Second, the Court must determine "whether the facts alleged in the complaint are sufficient to show that the plaintiff has a plausible claim for relief.' Fowler, 578 F.3d at 211 (quoting Ashcroft v. Iqbal, 556 U.S. 662, 679 (2009)). A claim is facially plausible "when the plaintiff pleads factual content that allows the court to draw the reasonable inference that the defendant is liable for the misconduct alleged." Iqbal, 556 U.S. at 678. This is a context-specific determination, requiring the Court "to draw on its judicial experience and common sense." Id. at 679. At bottom, "[t]he complaint must state enough facts to raise a reasonable expectation that discovery will reveal evidence of [each] necessary element" of a claim. Wilkerson v. New Media Tech. Charter Sch. Inc., 522 F.3d 315, 321 (3d Cir. 2008) (internal quotation marks omitted).

"[W]hen the allegations in a complaint, however true, could not raise a claim of entitlement to relief, this basic deficiency should... be exposed at the point of minimum expenditure of time and money by the parties and the court." Bell Atl. Corp. v. Twombly, 550 U.S. 544, 558 (2007) (internal quotation marks omitted). Finally, although a non-fraud claim need not be pled with particularity or specificity, that claim must "give the defendant fair notice of what the... claim is and the grounds upon which it rests." Id. at 555.


With respect to the monopolization and attempted monopolization claims, Plantronics contends that GN has failed to: (1) allege an antitrust injury; and (2) properly define the relevant market. For the restraint of trade claim, Plantronics alleges that GN has failed to allege any anticompetitive conduct. Plantronics also contends that GN has not stated a claim for tortious interference.

A. Antitrust Injury

In order to sue for an antitrust violation, a plaintiff must demonstrate that it has suffered an antitrust injury. See Brunswick Corp. v. Pueblo Bowl-O-Mat, Inc., 429 U.S. 477, 489 (1977). To establish an antitrust injury, a plaintiff must show: "(1) harm of the type the antitrust laws were intended to prevent; and (2) injury to the plaintiff that flows from that which makes the defendant's acts unlawful." Race Tires America, Inc. v.
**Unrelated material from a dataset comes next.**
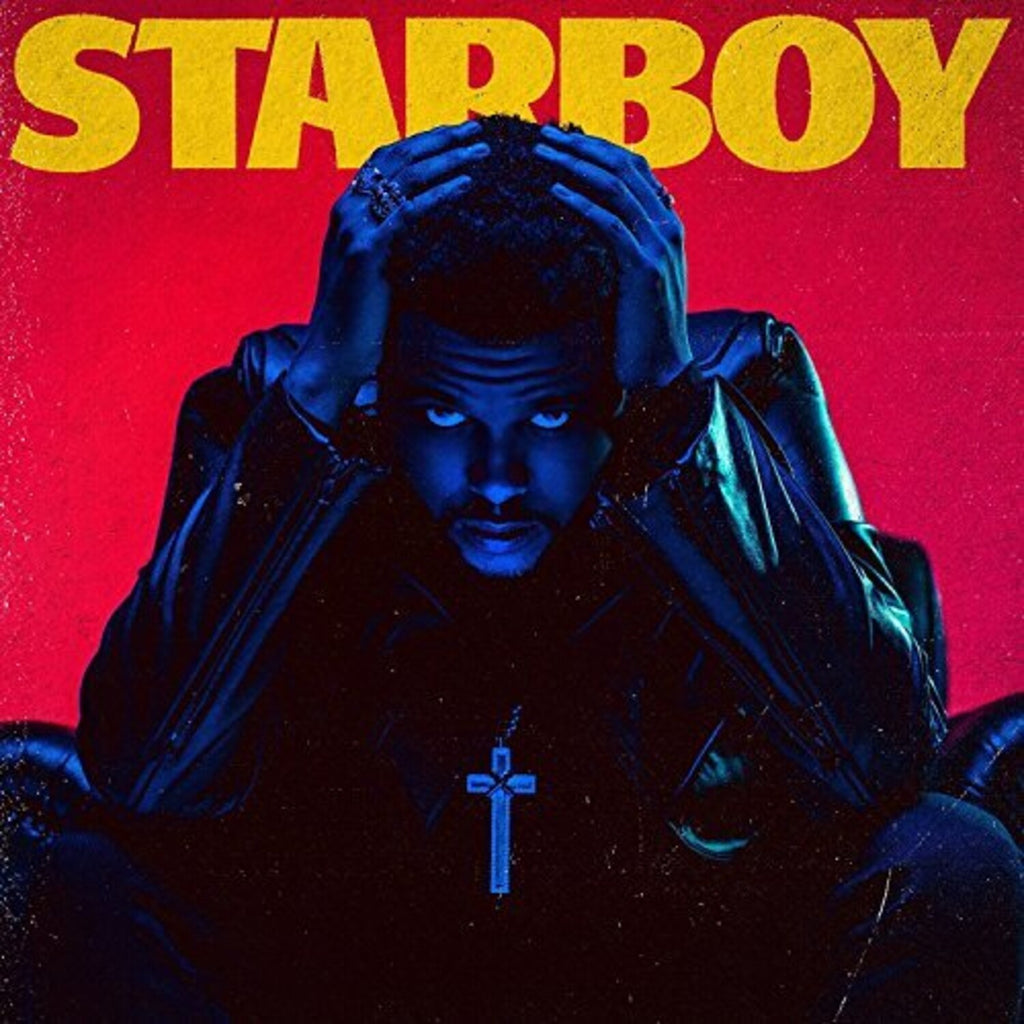 After Hours (X) & Starboy (Ex) & My Dear Melancholy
Hoosier Racing Tire Corp., 614 F.3d 57, 76 (3rd Cir. 2010); see also Brunswick, 429 U.S. at 489.

1. Harm

An "[a]ntitrust analysis must always be attuned to the particular structure and circumstances of the industry at issue." ZF Meritor, LLC v. Eaton Corp., 696 F.3d 254, 283 (3d Cir. 2012). As such, the Court begins its analysis by examining the industry in which the parties compete, taking as true the well-pleaded factual allegations of the Complaint. The Complaint alleges a specialized market for headsets sold to Contact Centers in the United States. (Complaint at ¶ 6) Plantronics' headsets currently account for over 75% of headset sales in this market. ( Id. at ¶ 26) According to GN, a "vast majority" of Contact Centers purchase their headsets through a limited network of approximately 20 ...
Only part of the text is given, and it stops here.